• PROMPT: Below are some records; write them all out again exactly.

[Stored records]
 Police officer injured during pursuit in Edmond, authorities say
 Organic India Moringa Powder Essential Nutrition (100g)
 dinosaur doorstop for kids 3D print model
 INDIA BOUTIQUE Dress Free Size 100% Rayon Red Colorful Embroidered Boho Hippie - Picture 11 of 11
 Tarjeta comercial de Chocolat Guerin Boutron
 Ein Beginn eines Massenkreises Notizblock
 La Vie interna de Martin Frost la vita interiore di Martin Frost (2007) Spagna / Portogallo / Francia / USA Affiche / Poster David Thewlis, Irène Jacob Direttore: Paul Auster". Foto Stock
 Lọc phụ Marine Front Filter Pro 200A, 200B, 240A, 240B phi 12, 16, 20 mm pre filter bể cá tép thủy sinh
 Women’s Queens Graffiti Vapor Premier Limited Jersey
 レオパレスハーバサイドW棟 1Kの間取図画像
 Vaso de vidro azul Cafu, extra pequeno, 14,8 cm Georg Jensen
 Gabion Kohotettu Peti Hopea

• EXPECTED ANSWER:
 Police officer injured during pursuit in Edmond, authorities say
 Organic India Moringa Powder Essential Nutrition (100g)
 dinosaur doorstop for kids 3D print model
 INDIA BOUTIQUE Dress Free Size 100% Rayon Red Colorful Embroidered Boho Hippie - Picture 11 of 11
 Tarjeta comercial de Chocolat Guerin Boutron
 Ein Beginn eines Massenkreises Notizblock
 La Vie interna de Martin Frost la vita interiore di Martin Frost (2007) Spagna / Portogallo / Francia / USA Affiche / Poster David Thewlis, Irène Jacob Direttore: Paul Auster". Foto Stock
 Lọc phụ Marine Front Filter Pro 200A, 200B, 240A, 240B phi 12, 16, 20 mm pre filter bể cá tép thủy sinh
 Women’s Queens Graffiti Vapor Premier Limited Jersey
 レオパレスハーバサイドW棟 1Kの間取図画像
 Vaso de vidro azul Cafu, extra pequeno, 14,8 cm Georg Jensen
 Gabion Kohotettu Peti Hopea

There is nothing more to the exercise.